Careful thought is required. The first issue is minor to begin with - how to signify "Not found". If the array is indexed 1 to N, then a returned index of zero is an obvious choice. However, some computer languages (notably C et al) insist that arrays have a lower bound of zero. In such a case, the array might be indexed 0 to N - 1 and so a negative result would be chosen for "Not found". Except that this can interfere with the desire to use unsigned integers for indexing.

More serious are the limitations of computer arithmetic. Variables have limited size, for instance the (very common) sixteen-bit two's complement signed integer can only hold values of -32768 to +32767. (Exactly the same problems arise with thirty-two bit integers, except that the digit strings are longer.) If the array is to be indexed with such variables, then the values first -1 and last + 1 must be representatable, that is , last ≤ 32766, not 32767. Similarly, the lower bound first may be zero (for arrays whose indexing starts at zero), in which case a value -1 must be representatable, which precludes the use of unsigned integers.

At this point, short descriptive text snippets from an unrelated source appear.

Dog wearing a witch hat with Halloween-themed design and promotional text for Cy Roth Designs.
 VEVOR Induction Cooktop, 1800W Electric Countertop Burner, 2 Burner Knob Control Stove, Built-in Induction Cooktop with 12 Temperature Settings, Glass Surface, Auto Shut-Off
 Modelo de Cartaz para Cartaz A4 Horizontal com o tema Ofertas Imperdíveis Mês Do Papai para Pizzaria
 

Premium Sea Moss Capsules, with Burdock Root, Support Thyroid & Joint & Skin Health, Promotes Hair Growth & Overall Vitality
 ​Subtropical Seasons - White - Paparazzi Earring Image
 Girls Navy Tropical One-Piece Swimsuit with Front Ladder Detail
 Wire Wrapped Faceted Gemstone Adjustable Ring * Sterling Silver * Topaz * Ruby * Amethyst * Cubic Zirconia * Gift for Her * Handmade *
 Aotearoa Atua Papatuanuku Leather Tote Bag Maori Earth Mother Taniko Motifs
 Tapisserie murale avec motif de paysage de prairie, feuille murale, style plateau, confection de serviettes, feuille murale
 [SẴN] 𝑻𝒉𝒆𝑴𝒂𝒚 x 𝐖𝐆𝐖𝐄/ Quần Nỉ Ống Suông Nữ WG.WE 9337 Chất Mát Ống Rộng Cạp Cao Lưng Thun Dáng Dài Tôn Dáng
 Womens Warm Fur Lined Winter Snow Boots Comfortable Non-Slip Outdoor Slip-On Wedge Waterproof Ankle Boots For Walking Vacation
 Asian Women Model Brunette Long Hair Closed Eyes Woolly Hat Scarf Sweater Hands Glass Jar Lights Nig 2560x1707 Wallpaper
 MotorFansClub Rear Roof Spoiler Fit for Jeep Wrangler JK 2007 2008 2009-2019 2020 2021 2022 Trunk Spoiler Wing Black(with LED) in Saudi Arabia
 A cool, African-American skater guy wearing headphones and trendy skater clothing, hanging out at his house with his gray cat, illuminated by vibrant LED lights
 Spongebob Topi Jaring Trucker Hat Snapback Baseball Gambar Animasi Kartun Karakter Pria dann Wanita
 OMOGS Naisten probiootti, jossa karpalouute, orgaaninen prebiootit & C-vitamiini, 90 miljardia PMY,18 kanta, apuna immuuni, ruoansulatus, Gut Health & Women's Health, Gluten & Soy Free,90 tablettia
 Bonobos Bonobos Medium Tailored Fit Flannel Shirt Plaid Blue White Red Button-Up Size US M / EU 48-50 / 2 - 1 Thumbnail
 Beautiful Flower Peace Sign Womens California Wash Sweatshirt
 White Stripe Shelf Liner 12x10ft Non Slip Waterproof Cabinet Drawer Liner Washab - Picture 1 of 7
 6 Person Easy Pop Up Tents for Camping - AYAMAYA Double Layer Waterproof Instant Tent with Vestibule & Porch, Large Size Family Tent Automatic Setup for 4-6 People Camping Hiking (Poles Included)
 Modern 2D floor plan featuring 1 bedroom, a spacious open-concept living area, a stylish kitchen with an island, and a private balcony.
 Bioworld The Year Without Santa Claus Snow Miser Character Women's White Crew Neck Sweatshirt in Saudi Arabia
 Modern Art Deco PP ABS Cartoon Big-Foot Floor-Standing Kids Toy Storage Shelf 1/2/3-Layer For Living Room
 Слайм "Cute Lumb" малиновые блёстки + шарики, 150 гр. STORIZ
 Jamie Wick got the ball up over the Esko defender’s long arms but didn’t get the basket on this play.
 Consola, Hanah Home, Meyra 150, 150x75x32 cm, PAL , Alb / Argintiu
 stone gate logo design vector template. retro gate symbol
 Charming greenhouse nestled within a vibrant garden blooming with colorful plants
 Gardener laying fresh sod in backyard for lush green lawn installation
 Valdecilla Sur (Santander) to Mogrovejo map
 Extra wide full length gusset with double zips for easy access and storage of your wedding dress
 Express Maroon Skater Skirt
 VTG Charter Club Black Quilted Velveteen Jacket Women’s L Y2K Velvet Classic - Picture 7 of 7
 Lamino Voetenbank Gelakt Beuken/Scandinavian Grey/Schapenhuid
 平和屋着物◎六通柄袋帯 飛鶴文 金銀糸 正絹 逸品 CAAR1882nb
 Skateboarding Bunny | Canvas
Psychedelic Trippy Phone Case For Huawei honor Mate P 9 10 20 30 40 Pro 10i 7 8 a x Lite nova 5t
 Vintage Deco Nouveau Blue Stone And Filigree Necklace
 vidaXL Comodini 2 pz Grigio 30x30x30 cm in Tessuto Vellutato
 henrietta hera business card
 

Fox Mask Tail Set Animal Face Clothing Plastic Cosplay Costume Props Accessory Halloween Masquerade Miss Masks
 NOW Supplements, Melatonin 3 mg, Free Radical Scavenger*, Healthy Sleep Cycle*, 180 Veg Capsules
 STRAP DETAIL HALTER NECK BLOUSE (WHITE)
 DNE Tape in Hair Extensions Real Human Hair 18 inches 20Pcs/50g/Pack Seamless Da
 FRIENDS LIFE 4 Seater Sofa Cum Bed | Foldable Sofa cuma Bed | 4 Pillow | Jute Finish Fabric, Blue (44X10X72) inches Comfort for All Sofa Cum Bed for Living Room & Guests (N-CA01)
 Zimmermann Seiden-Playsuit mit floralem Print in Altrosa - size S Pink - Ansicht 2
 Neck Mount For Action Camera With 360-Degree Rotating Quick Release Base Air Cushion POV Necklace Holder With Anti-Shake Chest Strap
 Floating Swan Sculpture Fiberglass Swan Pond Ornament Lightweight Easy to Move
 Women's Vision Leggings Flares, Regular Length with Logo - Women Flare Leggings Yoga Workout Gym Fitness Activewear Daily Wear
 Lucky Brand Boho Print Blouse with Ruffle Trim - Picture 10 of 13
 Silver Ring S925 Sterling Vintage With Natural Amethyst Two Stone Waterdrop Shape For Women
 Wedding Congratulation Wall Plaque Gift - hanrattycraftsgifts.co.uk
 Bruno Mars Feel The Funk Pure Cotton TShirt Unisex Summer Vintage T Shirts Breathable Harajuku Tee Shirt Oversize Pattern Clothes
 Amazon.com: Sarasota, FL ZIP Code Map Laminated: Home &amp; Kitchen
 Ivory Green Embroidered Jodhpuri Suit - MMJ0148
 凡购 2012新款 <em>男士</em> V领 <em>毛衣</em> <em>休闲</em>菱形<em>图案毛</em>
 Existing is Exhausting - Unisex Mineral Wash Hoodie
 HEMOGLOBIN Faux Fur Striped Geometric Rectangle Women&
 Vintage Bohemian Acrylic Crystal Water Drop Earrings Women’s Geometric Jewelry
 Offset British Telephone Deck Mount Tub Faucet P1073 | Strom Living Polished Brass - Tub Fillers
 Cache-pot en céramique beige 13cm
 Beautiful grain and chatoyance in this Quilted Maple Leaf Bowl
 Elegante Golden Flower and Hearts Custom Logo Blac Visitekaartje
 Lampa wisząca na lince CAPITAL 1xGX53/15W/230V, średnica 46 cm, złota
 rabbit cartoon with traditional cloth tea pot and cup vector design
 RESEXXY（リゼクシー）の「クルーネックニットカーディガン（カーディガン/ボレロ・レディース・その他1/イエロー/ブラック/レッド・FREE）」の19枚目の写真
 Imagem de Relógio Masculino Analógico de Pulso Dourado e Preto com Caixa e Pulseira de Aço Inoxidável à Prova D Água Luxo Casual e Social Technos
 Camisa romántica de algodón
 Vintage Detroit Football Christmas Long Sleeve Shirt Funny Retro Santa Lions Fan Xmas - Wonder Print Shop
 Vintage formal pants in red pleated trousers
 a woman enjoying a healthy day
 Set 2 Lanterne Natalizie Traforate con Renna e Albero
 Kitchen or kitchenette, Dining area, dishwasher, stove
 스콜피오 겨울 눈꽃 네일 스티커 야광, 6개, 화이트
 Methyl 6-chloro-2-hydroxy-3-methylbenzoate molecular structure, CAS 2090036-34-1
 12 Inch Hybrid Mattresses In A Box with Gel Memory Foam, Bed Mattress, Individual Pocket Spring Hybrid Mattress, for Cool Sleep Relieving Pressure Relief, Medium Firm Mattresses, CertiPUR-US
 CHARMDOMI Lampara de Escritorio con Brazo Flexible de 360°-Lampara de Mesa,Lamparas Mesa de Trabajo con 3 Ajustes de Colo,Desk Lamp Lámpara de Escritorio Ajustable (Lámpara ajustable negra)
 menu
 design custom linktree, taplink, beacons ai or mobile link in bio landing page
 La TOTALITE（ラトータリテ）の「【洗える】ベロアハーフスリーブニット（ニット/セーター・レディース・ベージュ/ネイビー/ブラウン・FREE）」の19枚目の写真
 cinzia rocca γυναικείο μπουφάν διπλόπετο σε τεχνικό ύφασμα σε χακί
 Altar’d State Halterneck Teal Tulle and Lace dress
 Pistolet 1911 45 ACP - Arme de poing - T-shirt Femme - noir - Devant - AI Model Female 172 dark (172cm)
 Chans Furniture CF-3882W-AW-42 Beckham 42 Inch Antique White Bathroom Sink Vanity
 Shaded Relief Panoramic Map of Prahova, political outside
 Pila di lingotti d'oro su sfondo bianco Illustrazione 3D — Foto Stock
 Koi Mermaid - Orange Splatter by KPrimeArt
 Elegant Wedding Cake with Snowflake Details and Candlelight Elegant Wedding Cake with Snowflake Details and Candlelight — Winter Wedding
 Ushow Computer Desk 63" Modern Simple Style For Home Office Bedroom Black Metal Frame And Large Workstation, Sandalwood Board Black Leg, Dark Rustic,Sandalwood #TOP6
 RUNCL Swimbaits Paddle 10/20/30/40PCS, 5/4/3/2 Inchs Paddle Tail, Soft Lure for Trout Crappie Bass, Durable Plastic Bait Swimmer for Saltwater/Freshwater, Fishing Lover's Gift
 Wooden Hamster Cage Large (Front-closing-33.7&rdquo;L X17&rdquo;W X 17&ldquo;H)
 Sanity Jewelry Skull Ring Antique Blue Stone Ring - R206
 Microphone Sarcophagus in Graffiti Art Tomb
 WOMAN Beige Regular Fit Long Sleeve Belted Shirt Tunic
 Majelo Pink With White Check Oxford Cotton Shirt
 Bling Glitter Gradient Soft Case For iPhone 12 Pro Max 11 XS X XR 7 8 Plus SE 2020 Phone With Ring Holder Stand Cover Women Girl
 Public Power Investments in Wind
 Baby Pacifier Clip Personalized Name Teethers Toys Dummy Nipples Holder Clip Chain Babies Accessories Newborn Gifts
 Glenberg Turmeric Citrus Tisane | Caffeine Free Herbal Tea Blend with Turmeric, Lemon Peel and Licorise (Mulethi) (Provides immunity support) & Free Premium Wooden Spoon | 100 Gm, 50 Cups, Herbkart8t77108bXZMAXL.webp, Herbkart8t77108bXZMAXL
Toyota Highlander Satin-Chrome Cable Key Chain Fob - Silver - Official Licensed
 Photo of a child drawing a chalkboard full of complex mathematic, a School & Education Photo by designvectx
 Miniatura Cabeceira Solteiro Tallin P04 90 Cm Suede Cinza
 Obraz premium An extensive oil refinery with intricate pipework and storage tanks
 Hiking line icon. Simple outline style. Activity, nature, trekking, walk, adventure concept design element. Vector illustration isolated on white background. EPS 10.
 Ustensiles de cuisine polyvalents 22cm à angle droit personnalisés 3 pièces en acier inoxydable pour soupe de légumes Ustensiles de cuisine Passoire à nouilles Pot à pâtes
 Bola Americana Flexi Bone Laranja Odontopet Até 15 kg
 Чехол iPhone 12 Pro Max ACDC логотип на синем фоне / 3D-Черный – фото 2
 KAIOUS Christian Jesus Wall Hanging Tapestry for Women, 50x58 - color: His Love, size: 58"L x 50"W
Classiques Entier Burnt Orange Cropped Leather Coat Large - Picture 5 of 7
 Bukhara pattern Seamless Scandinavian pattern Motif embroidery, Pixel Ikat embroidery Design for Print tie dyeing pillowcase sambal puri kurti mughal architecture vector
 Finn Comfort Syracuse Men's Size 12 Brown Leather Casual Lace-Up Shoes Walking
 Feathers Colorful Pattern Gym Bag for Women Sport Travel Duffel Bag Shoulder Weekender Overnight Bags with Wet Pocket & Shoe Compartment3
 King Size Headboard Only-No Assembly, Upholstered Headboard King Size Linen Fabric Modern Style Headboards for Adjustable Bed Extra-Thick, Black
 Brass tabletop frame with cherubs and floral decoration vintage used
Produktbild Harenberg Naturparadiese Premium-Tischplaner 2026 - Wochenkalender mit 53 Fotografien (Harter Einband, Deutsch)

General-purpose testing is unlikely to present a test with this boundary exercised, and so the detail can be overlooked.

It is of course unlikely that if the collections being searched number around thirty thousand that sixteen bit integers will be used, but a second problem arises much sooner. A common variation computes the midpoint of the interval in one step, as p:=(L + R)/2; this means that the sum must not exceed the sixteen-bit limit for all to be well, and this detail is easily forgotten. The problem may be concealed on some computers, which use wider registers to perform sixteen-bit arithmetic so that there will be no overflow of intermediate results. But on a different computer, perhaps not. Thus, when tested and working code was transferred from a 16-bit version (in which there were never more than a few thousand elements being searched) to a 32-bit version, and then the problem sizes steadily inflated, the forgotten limit can suddenly become relevant again.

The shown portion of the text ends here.